Cuando un alumno no se adapta, la pregunta no debería ser cómo modificarlo, sino cómo transformamos el espacio para que pueda estar. No se trata de justificar todo, sino de comprender más. No se trata de imponer límites sin sentido, sino de ofrecer una estructura que incluya, que contenga, que habilite otras formas de estar.
El rol de los adultos
La intervención de los docentes, preceptores, directivos y familias es clave. Pero no para controlar, sino para construir un vínculo. Muchos estudiantes etiquetados como “conflictivos” son en realidad chicos que están esperando ser vistos. Que necesitan que alguien confíe en ellos. Que buscan un sentido en lo que hacen. Que aún no encontraron una forma de aprender que los haga sentirse capaces.
Los adultos tienen la responsabilidad de abrir caminos. De generar otras posibilidades. De no quedarse con la primera impresión. De insistir, de acompañar, de ofrecer alternativas. A veces con una propuesta diferente, a veces con una palabra oportuna, a veces con una escucha que no juzga. Cuando un alumno siente que no tiene que fingir para ser aceptado, algo cambia. Y desde ahí, puede empezar a construirse otra relación con el saber.
Repensar la escuela
Que un alumno no se adapte debería ser una señal de alerta para toda la institución. No como una falla, sino como una oportunidad. ¿Qué tipo de escuela queremos? ¿Una que premie la obediencia o una que habilite el pensamiento? ¿Una que sancione lo distinto o una que lo incluya en su propuesta?

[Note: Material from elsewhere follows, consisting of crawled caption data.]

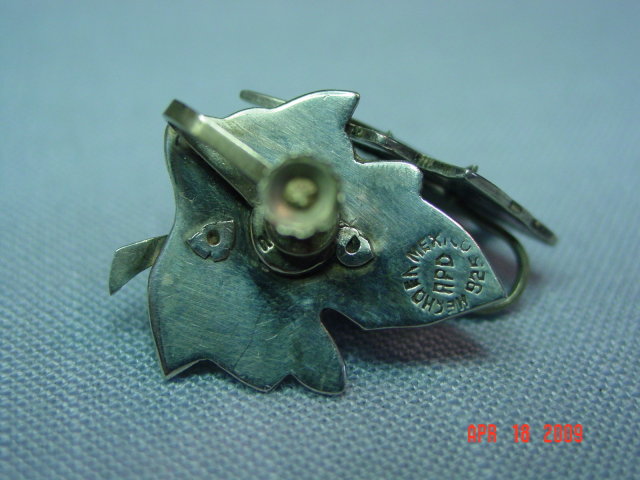 Mexico Sterling Abalone Inlay Leaf Screwback Earrings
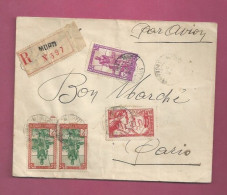 Lettre Recommandée Par Avion De 1938 Pour La France - YT N° 80, 84 En Paire Et 97 - Exposition Internationale De Paris - Covers & Documents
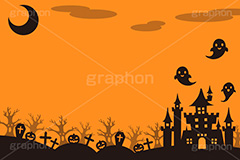 ハロウィンタウン,ハロウィン,はろうぃん,ハロウィーン,ゴースト,おばけ,幽霊,イベント,秋,行事,イラスト,ポップ,背景,棺,十字架,月,三日月,城,パンプキン,ジャックオーランタン,ランタン,かぼちゃ,カボチャ,南瓜,フレーム,frame,Halloween,pumpkin,ghost,illustration,moon,castle,POP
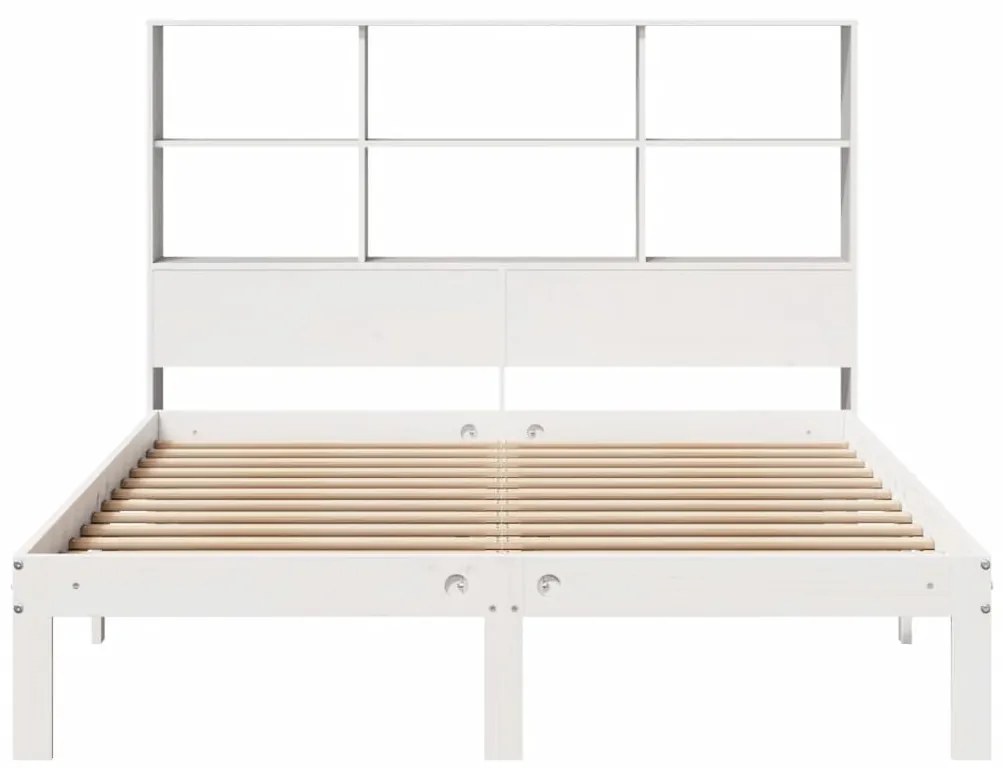 Letto libreria senza materasso bianco 120x200 cm legno di pino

No se trata de eliminar las normas, sino de preguntarse si tienen sentido. No se trata de bajar la exigencia, sino de diversificar los caminos. No se trata de permitirlo todo, sino de construir espacios donde todos puedan encontrar una forma posible de aprender. Aunque no sea igual a la de los demás. Aunque incomode. Aunque nos obligue a cambiar.
El derecho a no encajar
No todos los estudiantes van a moverse con naturalidad dentro del sistema. Y eso no los invalida. A veces, son justamente ellos quienes nos obligan a pensar distinto, a salir del molde, a innovar. En lugar de excluirlos, necesitamos aprender con ellos. Porque cuando alguien no encaja, quizás el problema no es él. Quizás lo que falla es la idea de que todos deben encajar de la misma manera.